La última clave del modelo, y al tiempo la más decisiva e inmoral, es el llamado canon concesional; una importante suma de dinero, de libre disposición para la Alcaldía, que el concesionario adelanta, a modo de crédito, a recuperar en la tarifa durante el periodo de concesión. Y todo ello en el marco, aún vigente, de anorexización de las finanzas municipales, impuesto desde las llamadas estrategias de austeridad. En este contexto, inversiones tan ineludibles como construir una planta de saneamiento, que cualquier banco financiaría con el aval de las tarifas del servicio, quedan bloqueadas por ley.

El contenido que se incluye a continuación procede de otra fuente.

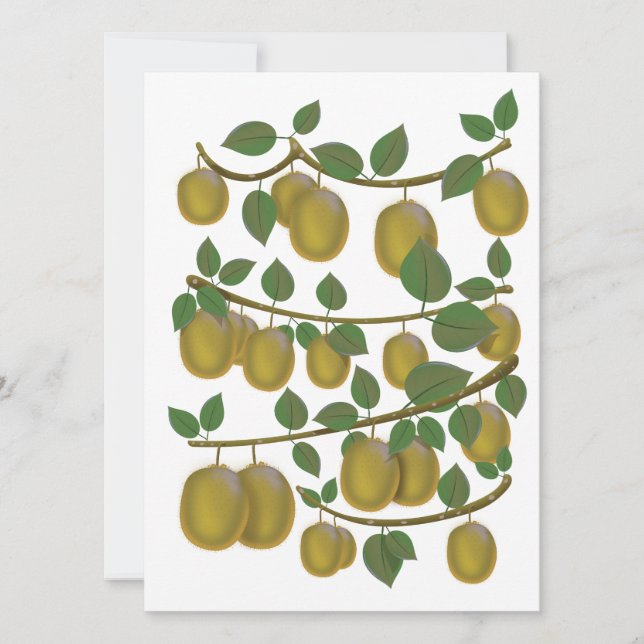 キウイフルーツ (正面)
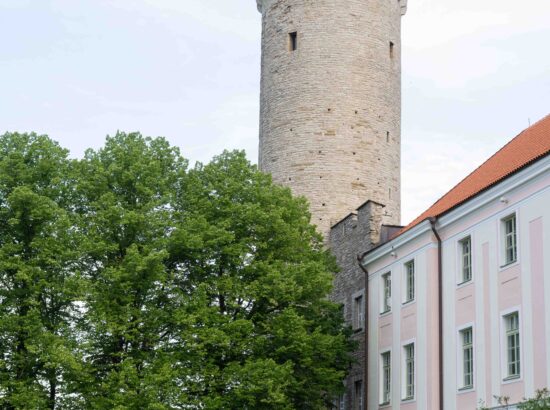 XXVIII laulu- ja XXI tantsupeole „Iseoma“ pühendatud riigilipu heiskamise tseremoonia Kuberneri aias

Sin embargo, sí se permite que el Ayuntamiento encomiende la construcción y gestión de la planta a un concesionario privado que, además, pasa a ejercer funciones de banquero, con el canon concesional y otros préstamos o deudas consentidas, a cambio de esa privatización.
Hoy, en torno al 60% de la población en España tiene sus servicios de agua y saneamiento privatizados. Tales procesos de privatización nunca fueron propuestas electorales, ni se sometieron a consulta popular alguna. Simplemente, una vez ganada la alcaldía, se decidieron como forma de aliviar las finanzas municipales, en el mejor de los casos. Y decimos en el mejor de los casos porque los escándalos de presunta corrupción han estallado por todo el país en torno a estas operaciones de privatización, poniendo en cuestión no sólo la honestidad de decenas de alcaldes y concejales de diversos partidos, sino también la de empresas tan importantes como Aguas de Barcelona, Aguas de Valencia..., en procesos judiciales de una enorme envergadura, como el destapado por la operación POKEMON. Mientras, en Francia, país en el que se diseñó esta estrategia privatizadora, la nueva ley anticorrupción ha ilegalizado el canon concesional al considerar que genera prácticas oscuras que favorecen la corrupción.
Tras el estallido de la pandemia, el poderoso grupo de presión de esos concesionarios privados ha abierto una ambiciosa operación de lobby sobre el Gobierno central Gobiernos Autónomos y Ayuntamientos, reclamando compensaciones económicas por el descenso del consumo (al cerrar bares, restaurantes…) y prórrogas de los tiempos de concesión. La patronal de la sanidad privada realiza movimientos similares, reclamando parte de los fondos europeos que se anuncian; pero lo hace de forma sumamente discreta, en la medida que siente la presión social en pro de la sanidad pública, como servicio de interés general, accesible a todos y sin ánimo de lucro.
Llegados a este punto, la pregunta es: ¿no deberíamos considerar los servicios de agua y saneamiento como pieza clave del sistema público de salud, y darles el tratamiento que reivindicamos para nuestra sanidad pública? La pandemia ha destapado la insensatez que supone hacer del cuidado de nuestros mayores un simple espacio de negocio, en el que incluso las residencias públicas, en su mayoría, son gestionadas por empresas privadas que concursan a la baja y luego rebajan costes, degradando la calidad del servicio y las condiciones laborales de quienes allí trabajan. Hoy, la dolorosa catástrofe que han supuesto las decenas de miles de muertos por la COVID-19 en las residencias, está abriendo el debate sobre si el cuidado de nuestros mayores debe gestionarse bajo la lógica del mercado o no. Sin embargo, en la medida que este virus se transmite por vía respiratoria, el debate sobre la privatización de los servicios de agua y saneamiento es menos relevante. ¿Tendremos que esperar a que la siguiente pandemia se transmita por vía digestiva para afrontar la cuestión?